Tuesday, January 11, 2005  

Now, Muse, let us sing of rats!

Every now and again I take a peek at the state of the art and craft of poetry, one of my great loves, and turn away in shame and disgust. It's like checking up on your beloved but lost daughter, and seeing her turn a trick in the street. Or your lost son lying in his vomit and feces drunk in the gutter. You have to turn away as fast as you can or you will go mad screaming to heaven, howling in pain.

I once tried to fight for poetry, but it was a losing cause that I eventually abandoned. Here is an article the apprises us again of where poetry has gone. I recommend following the link to read the few samples of poems offerred. They have to be seen to be believed, but I don't have the heart to post them here. It's better with the context of the column.

From The Boston Comment:

The Best American Liturgy
How Contemporary American Poets Are Denaturing the Poem,
Part IX

Perhaps there is a parallel, cult-like aura of inviolability protecting this new writing from critical inquiry: such writing, which verges on a kind of liturgy, comes with its own form of worship and its own tenets of faith. True believers do not question its methods; they accept its sacramental texts as the Word. In neither case is readability or critical inquiry at issue. Like artifacts of automatic writing, these liturgical offerings are akin to divine revelation—believe in it or don't, but do not examine, question, or evaluate it. The church of new writing has established what every church needs: their articles of faith. They call theirs “poems.”
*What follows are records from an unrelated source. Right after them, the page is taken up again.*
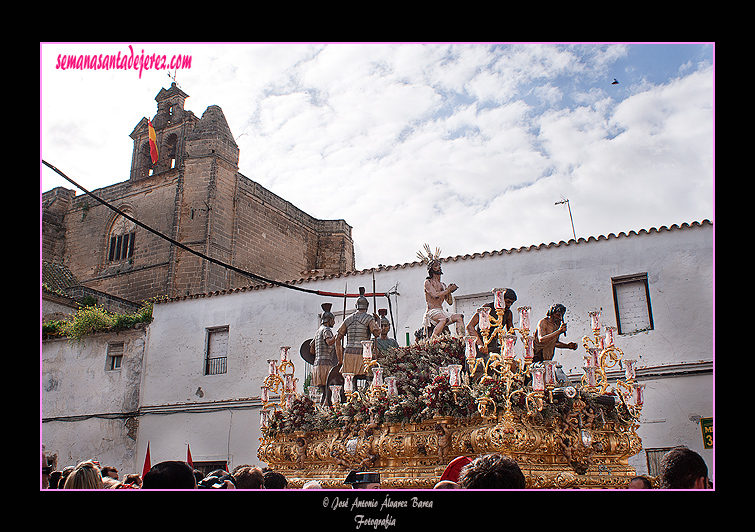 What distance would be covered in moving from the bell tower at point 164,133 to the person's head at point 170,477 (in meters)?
21.1

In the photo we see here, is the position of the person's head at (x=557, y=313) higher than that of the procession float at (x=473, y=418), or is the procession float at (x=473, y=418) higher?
the person's head at (x=557, y=313)

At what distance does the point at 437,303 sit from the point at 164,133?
63.5ft

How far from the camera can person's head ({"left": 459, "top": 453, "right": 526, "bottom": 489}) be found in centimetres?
266

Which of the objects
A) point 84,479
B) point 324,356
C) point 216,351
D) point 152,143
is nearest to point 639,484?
point 84,479

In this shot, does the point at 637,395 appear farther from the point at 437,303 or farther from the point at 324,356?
the point at 324,356

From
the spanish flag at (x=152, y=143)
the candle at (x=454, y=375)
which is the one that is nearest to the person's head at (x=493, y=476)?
the candle at (x=454, y=375)

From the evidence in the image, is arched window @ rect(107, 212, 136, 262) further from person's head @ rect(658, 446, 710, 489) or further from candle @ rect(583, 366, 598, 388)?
person's head @ rect(658, 446, 710, 489)

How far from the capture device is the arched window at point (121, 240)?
2280 centimetres

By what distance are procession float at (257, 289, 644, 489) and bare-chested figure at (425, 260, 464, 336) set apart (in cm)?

If there is no “best,” then every poet is as good as every other poet. Everybody gets a gold star.

The truth is, as Hejinian herself admits, there is no “bestness” in the church of new writing and that's because there can be no “bestness” when there is no means to determine whether or not one poem, or even one line of a poem, is better than another, when the field of poetry itself, built on a tradition of genius, human emotion, and the need to express universal and profound truths through the most powerful and compressed language one is able to wield, is held in so little esteem by Hejinian and her fellow practitioners that they dispense with the craft required to achieve their best, and instead promote a cult-like worship of the idea that everyone and everything is equal, that no poem shall be left behind. As a result, there is no real achievement in this year's Best American Poetry.